Kitap ismi: Yaşlı Adamın Savaşı
Yazar Adı: John Scalzi
Yayınevi: İthaki Yayınları
Türü: Bilim Kurgu
Yayınevi: İthaki Yayınları
Türü: Bilim Kurgu
Seri Adı: Yaşlı Adamın Savaşı
Seri Sıralaması: 1
Toplam Kitap Sayısı: 4
Format: ARC
Dil: Türkçe
Format: ARC
Dil: Türkçe
Sayfa: 292
Çıkış Tarihi: 2012
Çevirmen: Cihan Karamancı
Çıkış Tarihi: 2012
Çevirmen: Cihan Karamancı
Bilim kurgu kitapları mizah, hele hele küfürlü bir mizah içermez gibi bir ön yargınız varsa yıkılmasına hazır olun!
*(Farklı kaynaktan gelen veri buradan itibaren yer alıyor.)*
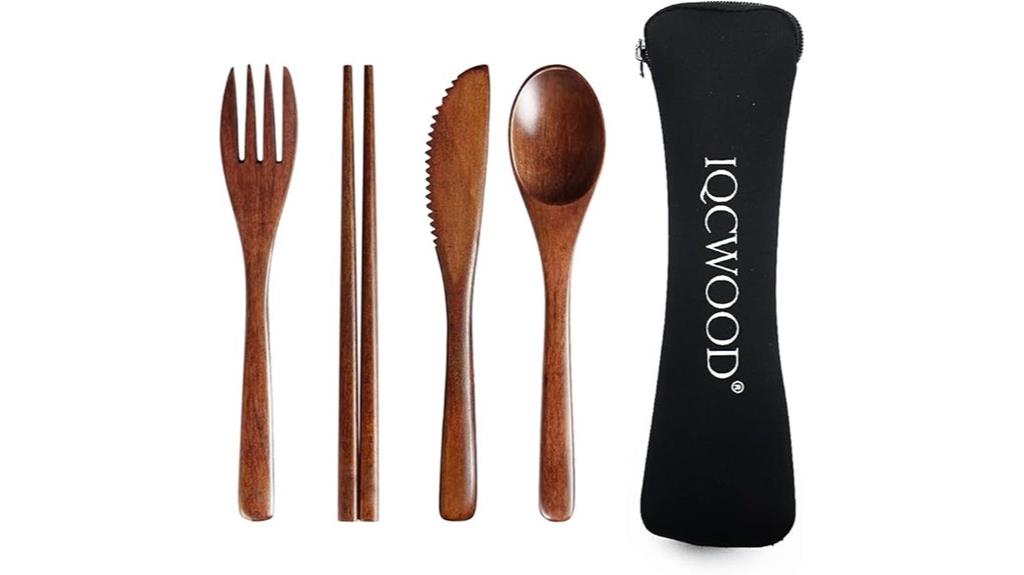 portable wooden cutlery set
Şahsen kitabın özetinden ben böyle bir şey beklemiyordum. Bol esprili, kahkaha attıran bir kitaptı. Teknik terimlerle boğulmadığınız, aksine yazarın bunları elinden geldiğince kolaya indirgediği bir anlatıma sahip. Akıcıydı ama başlarınında ki esprileri kitabın diğer yarısında haklı olarak bulamasakta özlediğimi belirtmem gerek. Bu yüzden ve kitabın sonuna doğru bir iki yerde sıkıldığım için yarım puan kıstım.
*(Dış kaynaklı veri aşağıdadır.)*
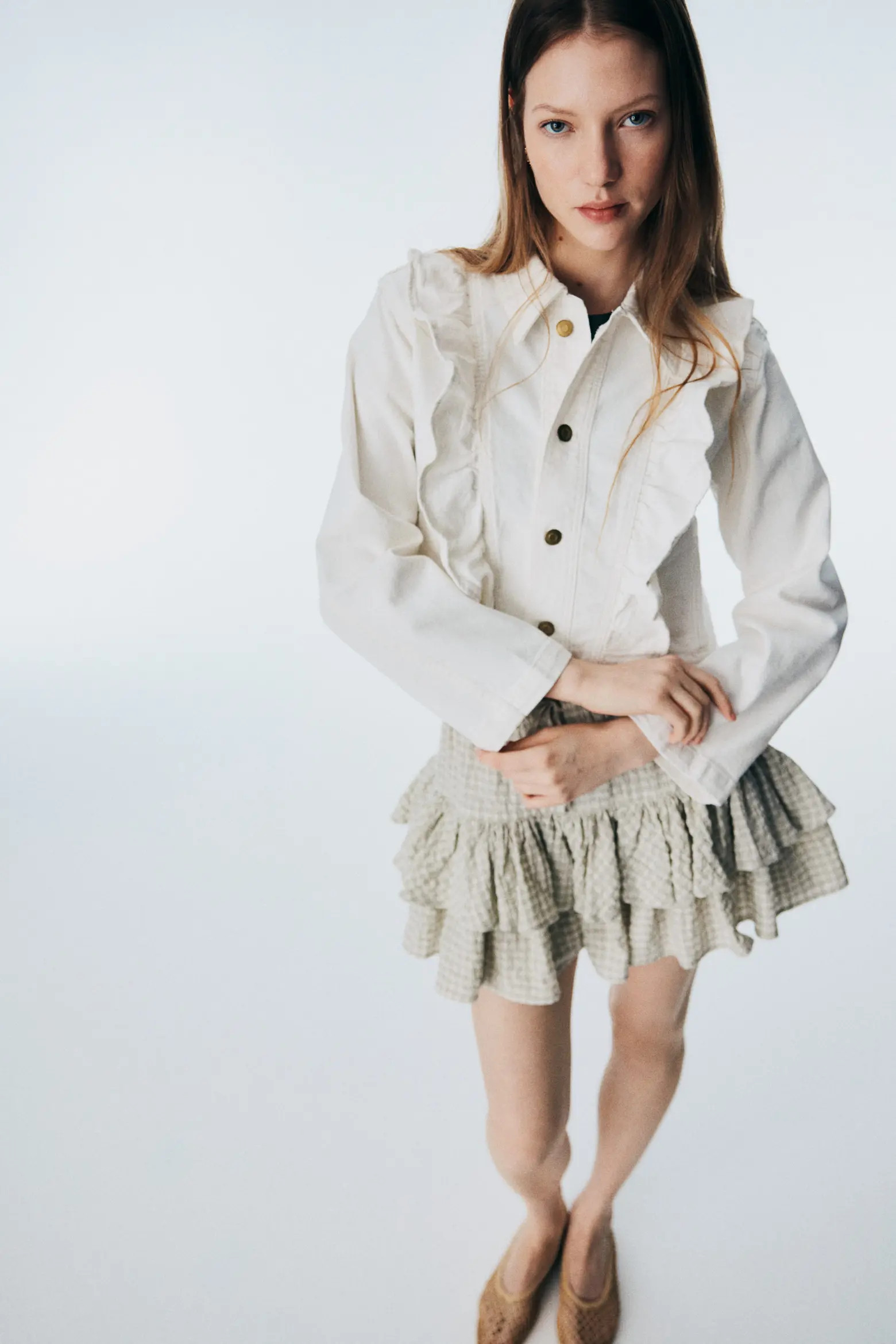 Ruffle-trimmed denim jacket (Women) | Nordstrom | Nordstrom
Bu kitabı 2009 yılında vizyona giren "Avatar" filmine benzeteninizde olabilir. İki kurguda da gezegenler doğal kaynakları için işgal ediliyor. Ve bir insan değişimi var ama kitaptakiler savaşmak için yeni bedenlerine transfer ediliyorlar. Ayrıca Avatar'ın aksine kitapta birden fazla gezengende, türlü uzay canlılarıyla savaşıyorlar. Avatardaki değişim geçici sürelerle olsada kitapta askerlerimiz bu bedenlerde ya ölene yada emekli olana kadar kalacaklar. İkisinde doğal kaynak uğruna orada yaşayan canlıları yok etme konusu var ama filmdekinin aksine burdaki uzaylılar öyle süt dökmüş kedi gibi değiller. Yüksek teknolojileri olan, zeki ve öldürücü uygarlıklar var. Avatar ile benim gördüğüm benzerlik burada bitiyor.
Birde kitabın sonunda olan iki uzay savaşını "Battlestar Galactica" dizisine çok benzettim. Tabii, bu benim diziyi izlememden ötürü gelen bir şey ama eğer onu veya herhangi bir uzay savaşı anlatan filmi izlemişseniz sahnenin gözünüzde daha rahat canlanacağını söyleyebilirim.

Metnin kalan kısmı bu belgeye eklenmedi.